Sunday, September 27, 2009

Being Frances Perkins

Frances Perkins (April 10, 1880 – May 14, 1965) was the first female and longest serving Secretary of Labor in our history. In 1933 she was appointed by President Franklin Delano Roosevelt and was the writer of New Deal legislation, including minimum wage.

In 1934 FDR appointed Perkins as chairwoman of his Committee on Economic Security. In this capacity the Social Security Act of 1935 was passed which included unemployment insurance. In considering our current situation in relation to where we were then there are more safety nets in place during an economic downturn because of her work.

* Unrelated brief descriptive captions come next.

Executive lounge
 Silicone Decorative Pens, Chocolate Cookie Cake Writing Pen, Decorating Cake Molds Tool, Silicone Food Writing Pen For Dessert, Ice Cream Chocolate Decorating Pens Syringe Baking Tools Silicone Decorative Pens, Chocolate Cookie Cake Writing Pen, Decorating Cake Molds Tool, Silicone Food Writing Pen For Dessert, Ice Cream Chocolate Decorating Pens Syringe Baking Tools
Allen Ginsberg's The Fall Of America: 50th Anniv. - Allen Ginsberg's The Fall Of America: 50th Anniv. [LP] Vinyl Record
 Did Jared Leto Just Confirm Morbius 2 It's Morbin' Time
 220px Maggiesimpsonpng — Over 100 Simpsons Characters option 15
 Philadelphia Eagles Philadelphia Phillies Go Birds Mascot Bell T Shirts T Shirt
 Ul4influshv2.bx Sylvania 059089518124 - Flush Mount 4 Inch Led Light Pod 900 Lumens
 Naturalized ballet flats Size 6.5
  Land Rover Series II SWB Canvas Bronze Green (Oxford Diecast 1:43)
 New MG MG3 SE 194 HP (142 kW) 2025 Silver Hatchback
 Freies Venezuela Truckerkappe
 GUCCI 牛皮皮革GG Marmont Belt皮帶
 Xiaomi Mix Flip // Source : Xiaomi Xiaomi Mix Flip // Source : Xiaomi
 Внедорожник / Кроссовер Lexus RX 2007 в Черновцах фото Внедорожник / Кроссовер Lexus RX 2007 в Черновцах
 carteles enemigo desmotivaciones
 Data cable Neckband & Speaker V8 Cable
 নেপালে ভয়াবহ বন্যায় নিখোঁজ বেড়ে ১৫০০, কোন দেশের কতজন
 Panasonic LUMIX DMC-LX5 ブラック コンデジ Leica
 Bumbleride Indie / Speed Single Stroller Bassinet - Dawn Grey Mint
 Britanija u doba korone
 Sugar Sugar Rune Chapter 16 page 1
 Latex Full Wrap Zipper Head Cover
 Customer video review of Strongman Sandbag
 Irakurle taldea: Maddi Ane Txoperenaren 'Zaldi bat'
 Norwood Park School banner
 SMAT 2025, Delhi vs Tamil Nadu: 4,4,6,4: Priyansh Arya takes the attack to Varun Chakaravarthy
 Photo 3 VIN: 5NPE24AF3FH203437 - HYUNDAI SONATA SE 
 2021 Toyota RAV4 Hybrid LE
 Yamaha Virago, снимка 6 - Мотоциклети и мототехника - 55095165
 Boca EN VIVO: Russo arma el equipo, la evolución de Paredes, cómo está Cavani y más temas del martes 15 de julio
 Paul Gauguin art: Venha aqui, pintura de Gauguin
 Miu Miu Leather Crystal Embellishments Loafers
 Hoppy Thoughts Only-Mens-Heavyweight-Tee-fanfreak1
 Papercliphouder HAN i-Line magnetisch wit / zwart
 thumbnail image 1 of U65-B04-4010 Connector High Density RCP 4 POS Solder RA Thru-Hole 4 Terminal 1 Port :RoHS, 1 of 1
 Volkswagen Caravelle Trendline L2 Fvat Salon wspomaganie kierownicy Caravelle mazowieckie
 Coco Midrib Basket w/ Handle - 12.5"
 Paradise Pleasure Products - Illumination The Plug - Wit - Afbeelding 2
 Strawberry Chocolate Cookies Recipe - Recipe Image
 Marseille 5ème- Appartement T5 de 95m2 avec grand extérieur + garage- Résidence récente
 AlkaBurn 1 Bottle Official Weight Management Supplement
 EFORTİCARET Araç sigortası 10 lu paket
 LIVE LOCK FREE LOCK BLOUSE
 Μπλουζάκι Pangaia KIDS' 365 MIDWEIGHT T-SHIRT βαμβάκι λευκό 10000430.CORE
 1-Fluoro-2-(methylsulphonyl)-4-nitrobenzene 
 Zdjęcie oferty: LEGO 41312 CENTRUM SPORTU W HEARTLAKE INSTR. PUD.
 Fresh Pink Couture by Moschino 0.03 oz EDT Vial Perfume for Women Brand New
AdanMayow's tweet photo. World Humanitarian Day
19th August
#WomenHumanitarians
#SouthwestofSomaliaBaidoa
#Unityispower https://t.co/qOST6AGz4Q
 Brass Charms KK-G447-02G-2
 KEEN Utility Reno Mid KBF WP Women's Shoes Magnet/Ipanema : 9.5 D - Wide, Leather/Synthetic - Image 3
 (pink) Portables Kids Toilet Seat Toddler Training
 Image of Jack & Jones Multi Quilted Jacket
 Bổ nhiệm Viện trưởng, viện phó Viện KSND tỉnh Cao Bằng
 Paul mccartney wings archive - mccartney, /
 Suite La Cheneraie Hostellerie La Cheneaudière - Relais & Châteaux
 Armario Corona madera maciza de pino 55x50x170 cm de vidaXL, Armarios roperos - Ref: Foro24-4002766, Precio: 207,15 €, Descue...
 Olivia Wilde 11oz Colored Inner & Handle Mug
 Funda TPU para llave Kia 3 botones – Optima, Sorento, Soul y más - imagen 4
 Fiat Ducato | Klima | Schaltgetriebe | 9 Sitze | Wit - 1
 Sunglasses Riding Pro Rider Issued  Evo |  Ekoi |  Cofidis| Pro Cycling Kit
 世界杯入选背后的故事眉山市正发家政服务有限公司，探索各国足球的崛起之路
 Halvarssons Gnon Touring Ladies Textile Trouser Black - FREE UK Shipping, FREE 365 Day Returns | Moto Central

Frances Perkins is inspiring and her accomplishments are many. Affordable health care was something she fought for valiantly for many years. She said that because "the experts couldn't get through with health insurance in time to make a report on it," legislation couldn't be passed. Well, we need to stop staling on this important issue. It's pass time.


septembermom said...

Frances Perkins' dedication towards the pursuit of affordable health care was admirable. Thank you for highlighting this hardworking, intelligent woman who is a great example of an American devoted to her country.

Judith Ellis said...

Kelly - I love her for her diligence and hardwork in a period in our country among men that must have been extrordinary to deal with; yet, she seems to have done so with grace and fortitude. She was essentially the power behind The New Deal. President Roosevelt seems to have been the spokesperson of her ideas. This is amazing! I was so happy to discover her this week in my efforts to educate myself on the history of the health care crisis in the US. I love your words here about her example and devotion to America. We could stand to have many more Frances Perkinses today and less individualism.